2. charge extra_people. 
3. offer better services, such as more chances of having Shampoo, Hair Dryer, Fire_Extinguisher, First Aid Kit, 24-Hour Check-in, cancellation_policy_moderate, Safety Card, Breakfast, Free Parking on Premises, Indoor Fireplace
4. be more pet friendly. They tend to have Dogs, Cat(s), Other Pet(s), Pets live on this property.
5. require security_deposit, and guest_profile_picture.
6. have more chances to offer Houses.

### 1.3 Compare superhost vs regular_host in Seattle

In [44]:
df_seattle_groupby_host = df_seattle.groupby(['host_is_superhost_t']).mean().T.reset_index()
df_seattle_groupby_host.rename(columns={'index':'column', 0:'regular_host', 1:'superhost'}, inplace=True)

df_seattle_groupby_host['host_diff_%'] = (df_seattle_groupby_host.superhost - df_seattle_groupby_host.regular_host)\
                                        /df_seattle_groupby_host.regular_host*100

df_seattle_groupby_host[(df_seattle_groupby_host['host_diff_%']>30) & 
                        (~df_seattle_groupby_host.column.str.startswith('neighbourhood'))]\
                        .sort_values(by='superhost', ascending=False)

host_is_superhost_t,column,regular_host,superhost,host_diff_%
25,reviews_per_month,1.865071,2.945044,57.905165
11,extra_people,0.435847,0.569767,30.726612
41,amenity_First Aid Kit,0.409722,0.556848,35.908553
56,amenity_Pets live on this property,0.210979,0.310078,46.970912
58,amenity_Safety Card,0.169643,0.270026,59.173127
44,amenity_Hair Dryer,0.189153,0.254522,34.558465
181,instant_bookable_t,0.13955,0.21447,53.686763
27,amenity_24-Hour Check-in,0.151124,0.200258,32.51234
34,amenity_Dog(s),0.119048,0.186047,56.27907
185,require_guest_phone_verification_t,0.082672,0.157623,90.660465


### discussion
In Seattle, compared to regular hosts, superhosts tend to:
1. have more reviews_per_month.
2. charge extra_people. 
3. offer better services, such as more chances of having Doorman, Safety Card, First Aid Kit, Hair Dryer, instant_bookable, 24-Hour Check-in etc.. 
4. be more pet friendly.

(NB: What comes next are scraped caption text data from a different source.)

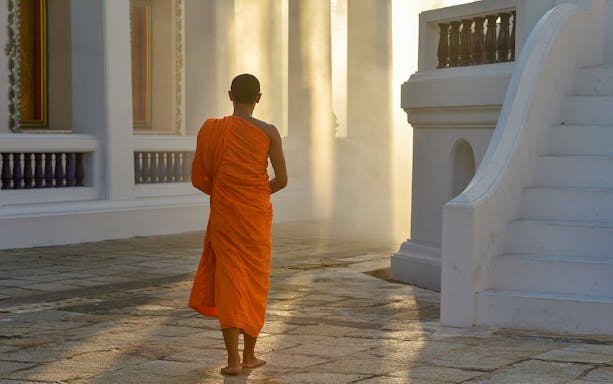 Monk in orange robe walking at Marble Temple, Bangkok.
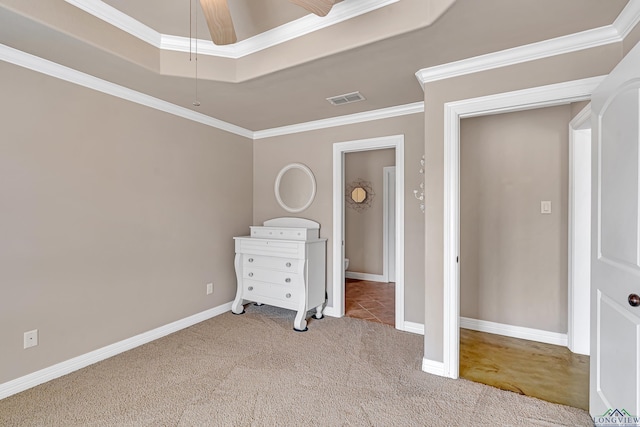 unfurnished bedroom with baseboards, visible vents, a tray ceiling, crown molding, and carpet flooring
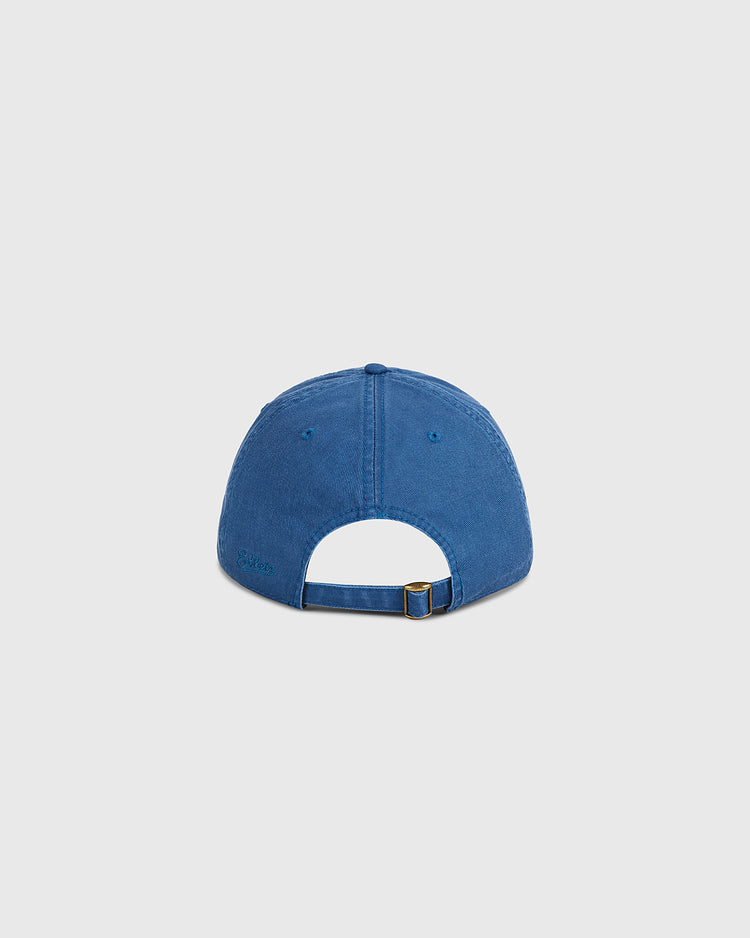 The Ebbets Field Coney Island Roller Skating Rink Washed Cotton Ballcap is shown from the back, highlighting its blue color, adjustable strap with a metal buckle, and a small opening—a nod to Brooklyn style.
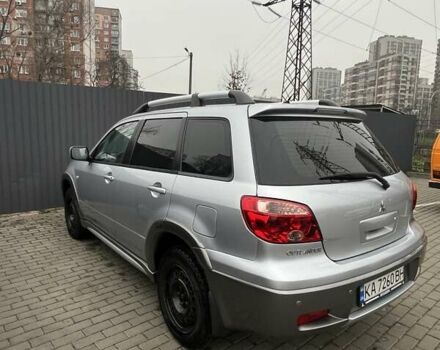 Серый Мицубиси Аутлендер, объемом двигателя 2.4 л и пробегом 179 тыс. км за 7000 $, фото 4 на Automoto.ua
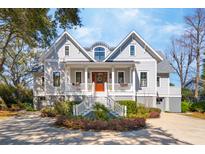 Stately two-story home featuring a welcoming front porch, beautiful landscaping, and a circular driveway at 939 White Point Blvd, Charleston, SC 29412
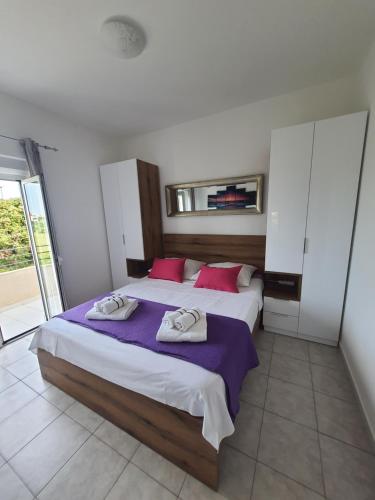 - une chambre avec un grand lit et des serviettes dans l'établissement Apartment D&D, à Bibinje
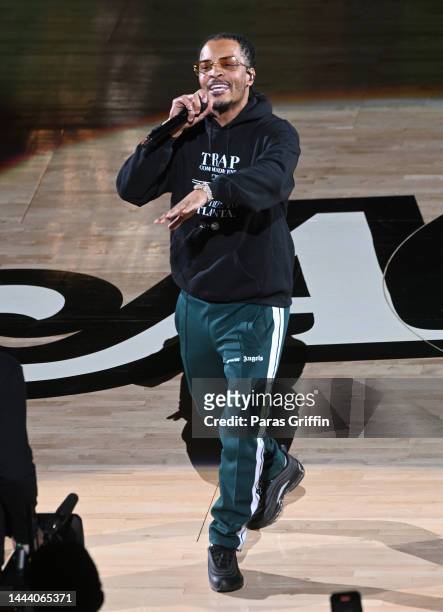 Rapper T.I. Performs at halftime during the game between the Sacramento Kings and the Atlanta Hawks at State Farm Arena on November 23, 2022 in...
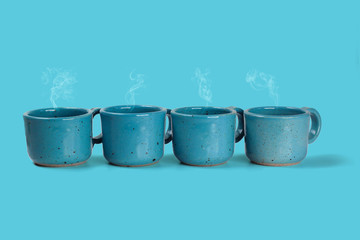 Four blue cups with fresh coffee on blue background.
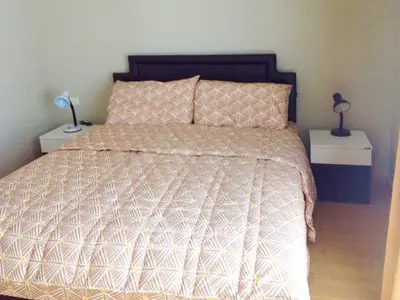 Cozy bedroom with stylish bedding and modern bedside lamps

They tend to have Dogs, Cat(s), Pets live on this property, 
5. require guest_profile_picture and guest_phone_verification.
6. have more chances to offer exotic property types, such as Yurt, Cabin, Treehouse, Camper/RV, Loft etc.. Keep in mind though, the overall number of superhosts offering these kinds of property types are slim though.